‘Gretel & Hansel’ Movie Review: Sophia Lillis Overcomes It Again
Sophia Lillis just can’t catch a break. First she’s terrorized by Pennywise in It. Then she’s traumatized in Sharp Objects and covered in blood in I Am Not Okay With This. Now she’s in an intensified Grimm fairy tale in Gretel & Hansel. It’s working for her though. Her characters always seem to overcome, and she’ll always be Nancy Drew.
Sophia Lillis is Gretel
Gretel & Hansel is not messing around. Gretel (Lillis)’s mother (Fiona O’Shaughnessy) tries to marry her off, and when Gretel doesn’t impress the guy she tells her daughter to smile more. Women will still be dealing with that one for another few centuries.
Mom drives her kids away with an axe, so Gretel and Hansel (Samuel J. Leakey) take their chances on their own. Such a violent rejection by their mother doesn’t seem to phase them much, but they don’t have much time to consider it. They’re assaulted in the next shelter, save for a kindly man rescuing and cooking for them. Then, of course, they wind up at the house of a witch (Alice Krige).
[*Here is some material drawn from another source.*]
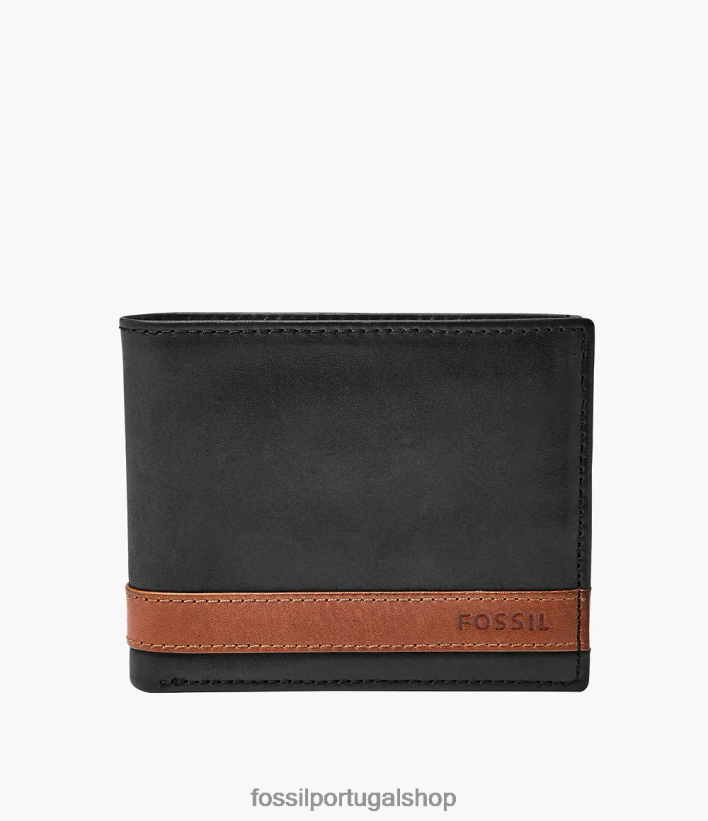 Fossil homens Quinn flip id duplo preto carteira 40NJ6Z1660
The horror of ‘Gretel & Hansel’
The story of “Hansel and Gretel” is already pretty intense. A witch is trying to cook and eat them, until they turn the tables. Director Osgood Perkins ramps up the intensity of his Gretel & Hansel with more subtlety.
He creates a lot of surreal imagery just with a low camera, creating space in a room or the woods around Gretel. She begins to fill the frame more and more as the camera gets closer, gradually changing the feeling of the scene. Angles and corners also play a role in the aesthetic. The sets are the most compelling aspect of Gretel & Hansel.
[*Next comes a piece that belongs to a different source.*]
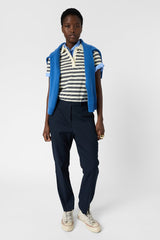 AURIA NAVY ELASTICATED BACK COTTON TROUSERS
Within the house, Perkins creates surreal scenes just by where he places Gretel and Hansel in the room in relation to each other. Gretel’s dreams get even trippier than the mushrooms they eat in the woods.
There is something not quite right about everything. The witch has endless food but no cattle or garden. Gretel suspects something, but it’s subtle. She’s not just shoving them into an oven. By the time the witch puts on a pointy hat and slings a shovel over her shoulder like a broom, she very subtly looks wicked but it’s natural.
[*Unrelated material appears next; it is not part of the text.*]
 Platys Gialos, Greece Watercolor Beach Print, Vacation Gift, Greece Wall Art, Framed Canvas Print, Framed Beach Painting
Sophia Lillis empowers Gretel
Perkins and screenwriter Rob Hayes use the Brothers Grimm story to tell a tale of youth empowerment. Gretel comes into supernatural powers, but even more importantly she learns the balance between caretaking and independence. With both, no adult stands in her way, and many try to.
She talks in a semi-old timey way and pace. “Frankly” is a word that seems modern, and sources say it emerged in the 19th century. Aside from that word, the script makes an effort to make the dialogue sound like a bygone era, but it’s not so authentic it sounds foreign.
Gretel & Hansel is now on VOD, DVD and Blu-ray. The Blu-ray and DVD include a storybook version of the film with illustrations resembling Lillis and Leakey’s likenesses.